L’epoprostenolo/Flolan, una volta raggiunto il circolo ematico, viene rapidamente degradato a metaboliti non attivi e ciò è alla base della sua breve durata d’azione che è di circa 3-5 minuti; questo spiega la necessità di somministrare il farmaco per via endovenosa continua (ventiquattro ore su ventiquattro) mediante l’utilizzo di pompe di infusione portatili (pompe CADD); la pompa infonde ininterrottamente il farmaco attraverso un catetere che, dopo un decorso sotto la cute di circa 8-10 cm (si dice che il catetere viene tunnellizzato), viene inserito in una grossa vena all’altezza della clavicola (vena succlavia). Il decorso sotto la cute è necessario per dare stabilità al catetere e riduce inoltre il rischio di infezioni.

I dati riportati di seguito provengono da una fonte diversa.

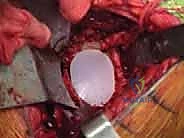 TECH FIG 8 A center pilot hole is drilled in the glenoid surface A and a spherical reamer is used to create a concentric surface B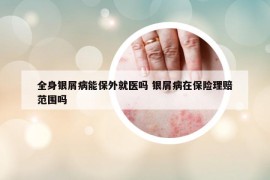 全身银屑病能保外就医吗 银屑病在保险理赔范围吗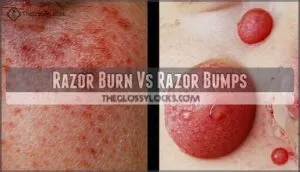 razor burn vs razor bumps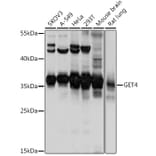 Western Blot - Anti-CEE Antibody (A92111) - Antibodies.com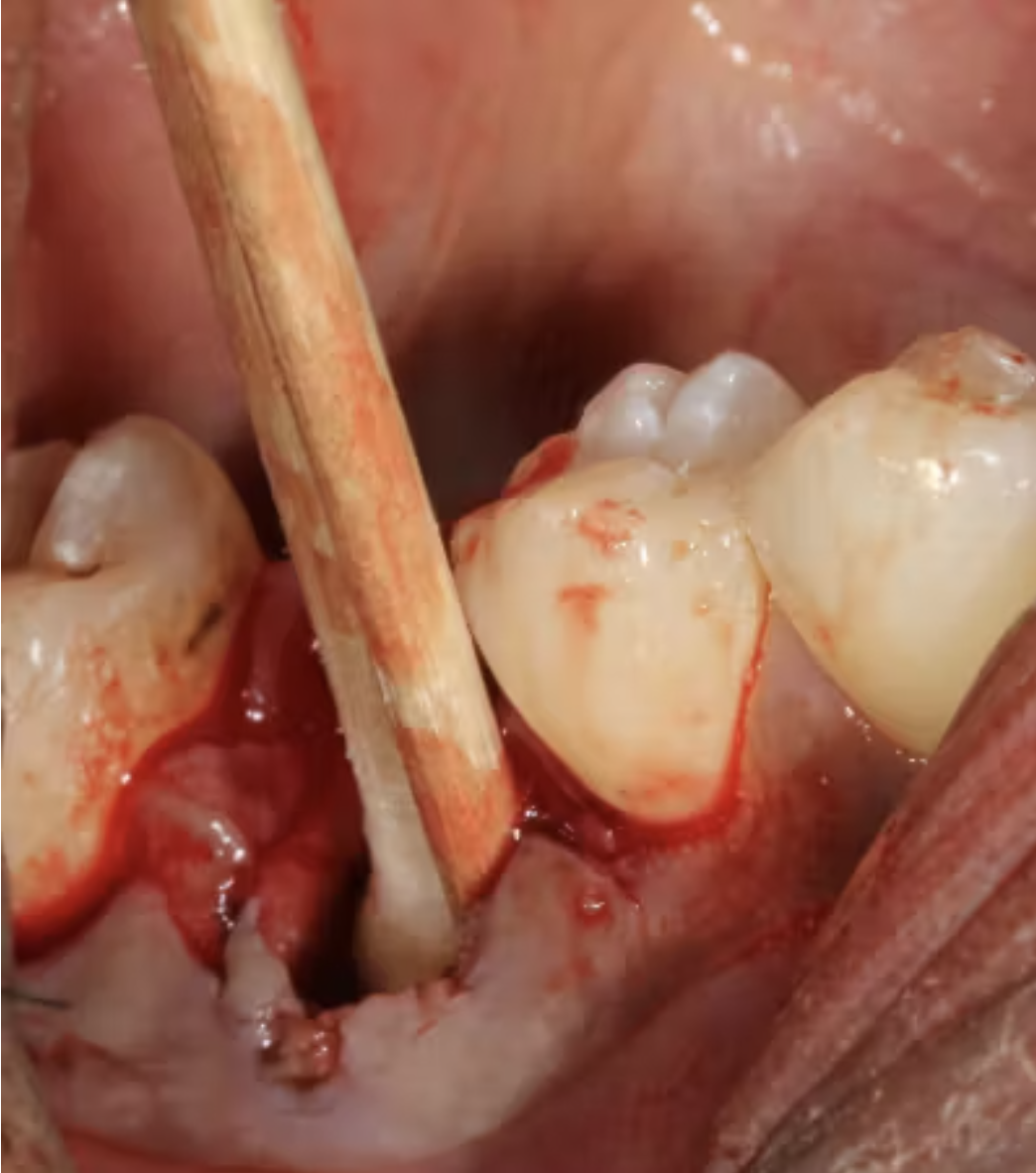 Nguyên tắc vàng khi tái cấy implant sau thất bại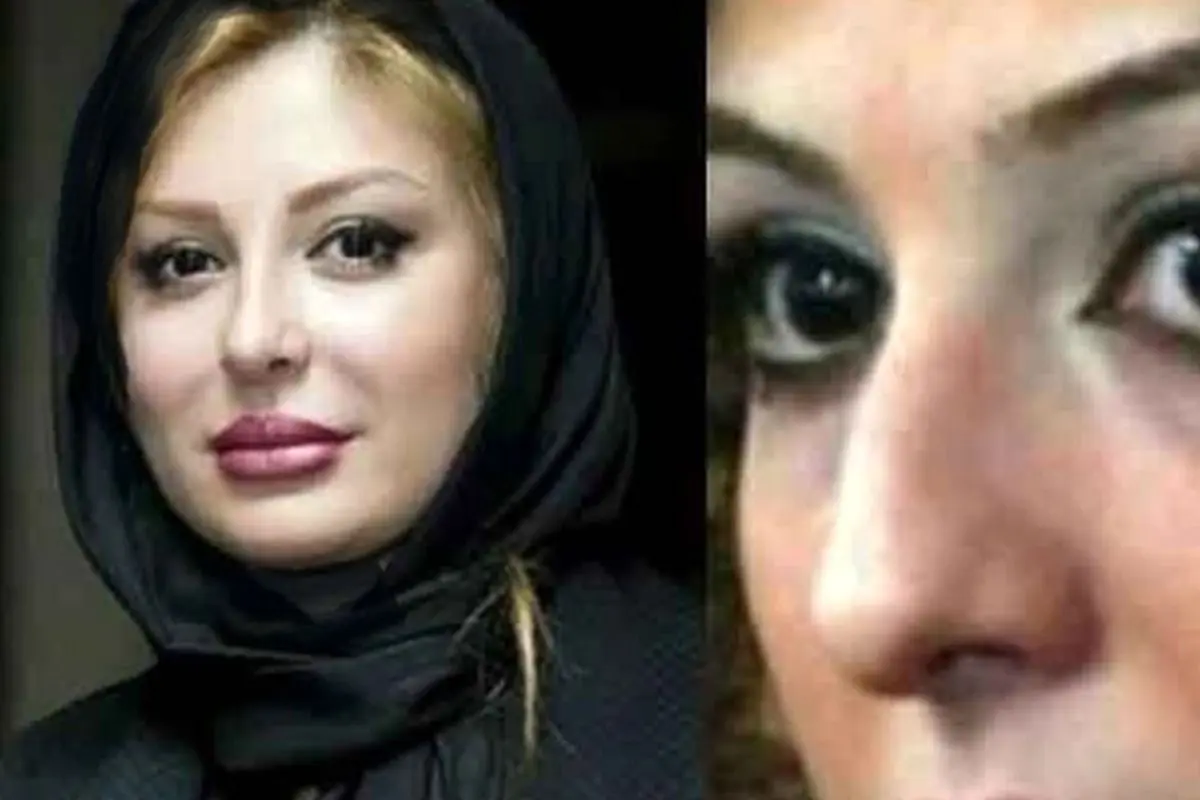 تصاویر قبل و بعد عمل زیبایی ستارههای ایرانی: تغییرات چشمگیر بازیگران زن و مرد در دنیای هنر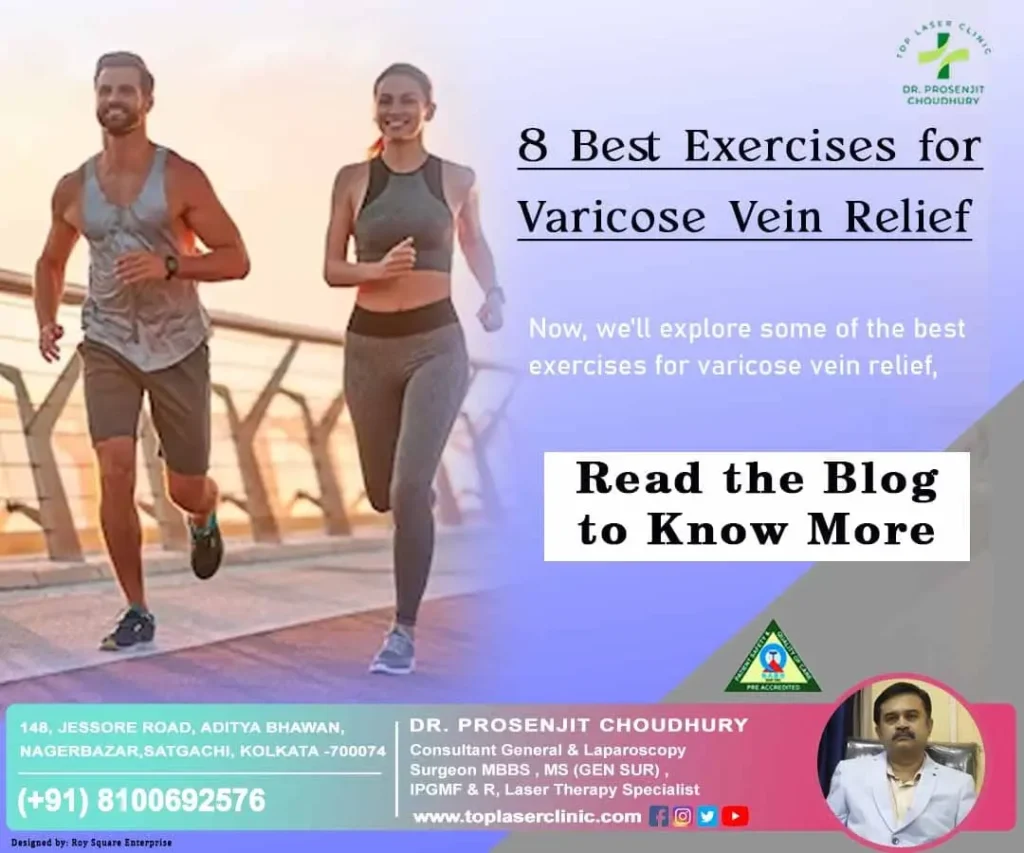 exercises-for-varicose-vein-relief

L’epoprostenolo/Flolan viene mantenuto refrigerato utilizzando sacchetti congelati, e ciò ne garantisce una maggior stabilità permettendone la sostituzione ogni 24 ore. Il suo utilizzo richiede una gestione accurata e costante per evitare il rischio di infezioni o i malfunzionamenti del sistema che porterebbero all’interruzione della somministrazione. Pertanto, dal punto di vista pratico, è evidente come questo tipo di terapia sia associato a disagi per il paziente e a potenziali complicanze. Tuttavia, il farmaco è molto efficace ed è in grado di migliorare significativamente i sintomi e la prognosi della malattia, anche nelle fasi più avanzate; per tale ragione l’epoprostenolo/Flolan è in genere molto ben tollerato dai pazienti e rappresenta ancora un trattamento ampiamente utilizzato, soprattutto quando si ha bisogno di un effetto potente e rapidamente efficace.
I principali effetti indesiderati legati al farmaco (in genere di lieve entità) sono rappresentati da: cefalea, dolore parotideo alla masticazione, disturbi intestinali e flushing cutaneo (prevalentemente al volto). Sono dovuti alla vasodilatazione che il farmaco determina anche a livello sistemico e in genere sono più marcati nei primi giorni dopo l’inizio del trattamento e diminuiscono di intensità e frequenza nel corso delle settimane successive (possono ripresentarsi transitoriamente in occasione di successivi aumenti del dosaggio del farmaco). Più recentemente la ricerca ha cercato di sviluppare prostanoidi più stabili e con una maggior durata d’azione (emivita) con l’obiettivo di migliorare il profilo di sicurezza e la maneggevolezza della somministrazione cercando di mantenere i risultati ottenuti in termini di efficacia.